Copy down every line of the data that follows exactly. Omit the pictures.
- - -
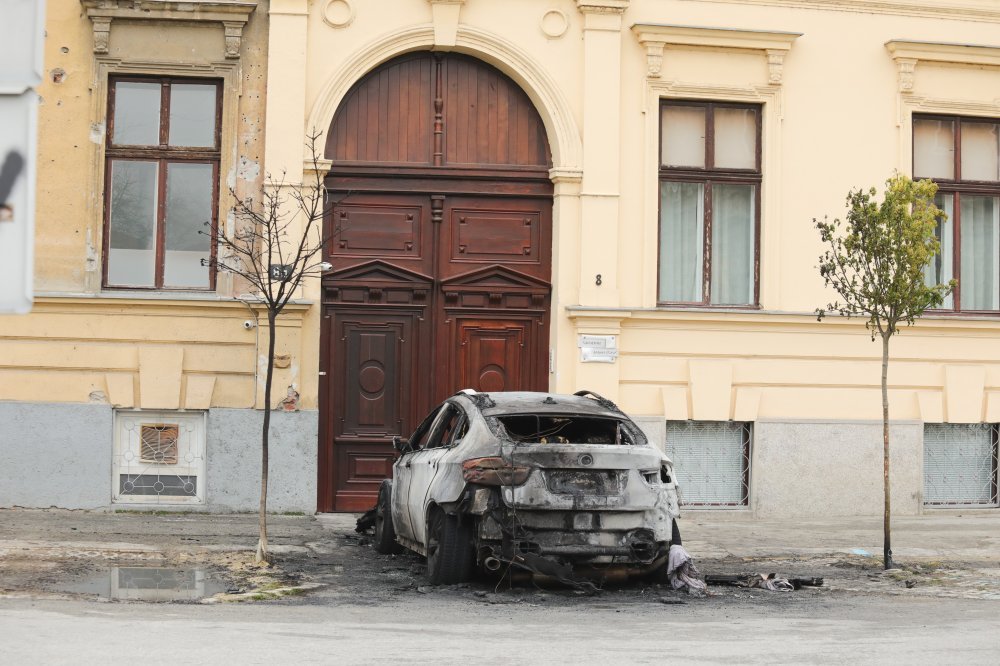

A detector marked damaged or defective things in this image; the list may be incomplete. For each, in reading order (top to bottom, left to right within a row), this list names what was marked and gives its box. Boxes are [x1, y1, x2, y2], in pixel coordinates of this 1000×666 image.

burned car [372, 386, 684, 584]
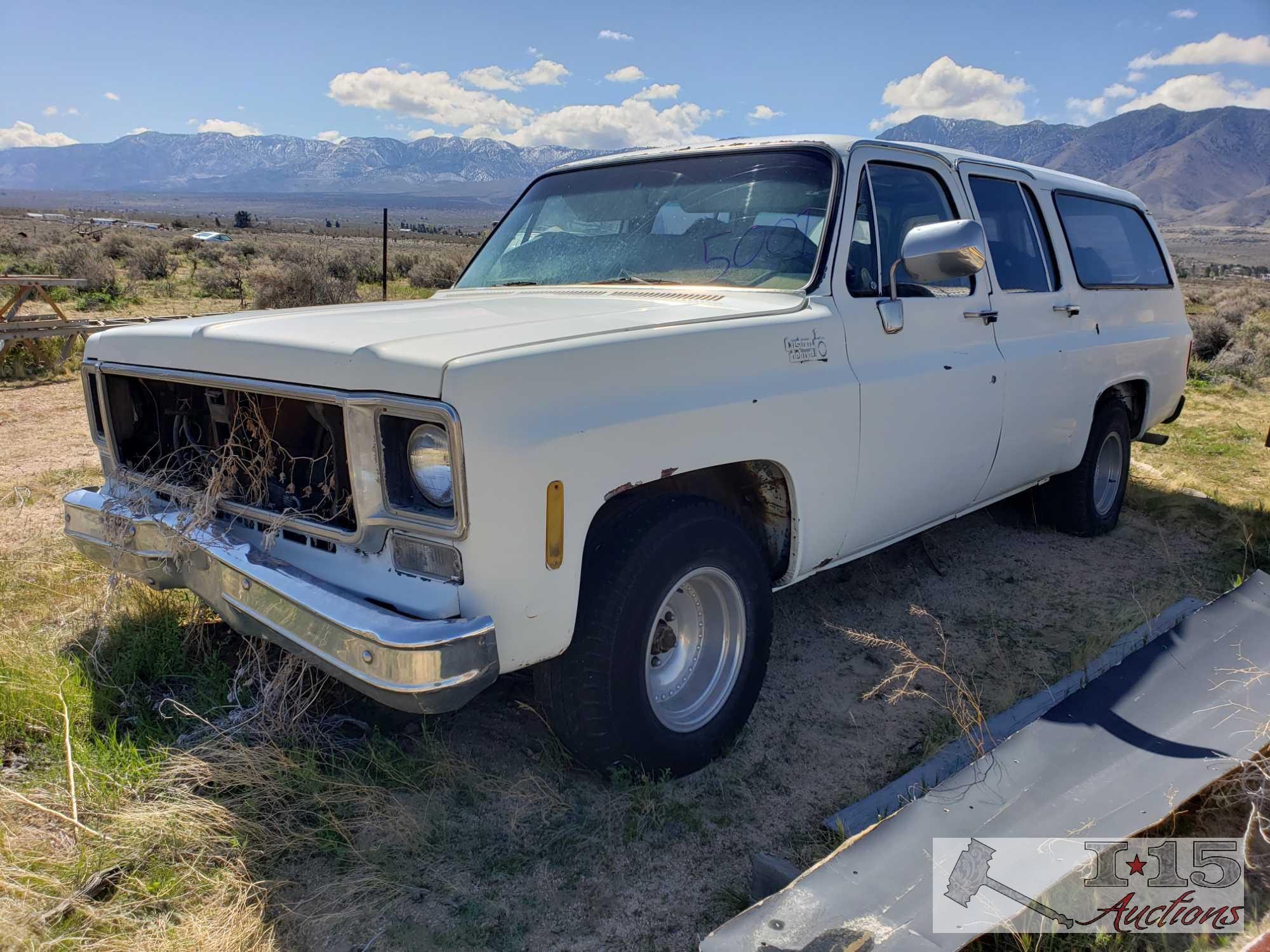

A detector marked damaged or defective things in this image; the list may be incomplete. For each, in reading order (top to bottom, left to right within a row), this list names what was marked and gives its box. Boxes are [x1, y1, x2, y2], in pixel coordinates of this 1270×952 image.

cracked windshield [457, 149, 833, 291]
rust spot [607, 480, 640, 503]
- - -
Answer box:
A detector marked damaged or defective things in this image; the list may be incomplete. For each, in reading order (top to bottom, left to right within a row), this list names what was marked and gives its box. Boxes are [x1, y1, x2, y2], in pixel coordinates of this 1000×666 image.

burned car [372, 386, 684, 584]

A detector marked damaged or defective things in this image; the list may be incomplete. For each, in reading order (top to bottom, left to right within a row), this list names what was marked and gives its box. Boxes are [x1, y1, x2, y2], in pixel coordinates of this 1270×952 image.

cracked windshield [457, 149, 833, 291]
rust spot [607, 480, 640, 503]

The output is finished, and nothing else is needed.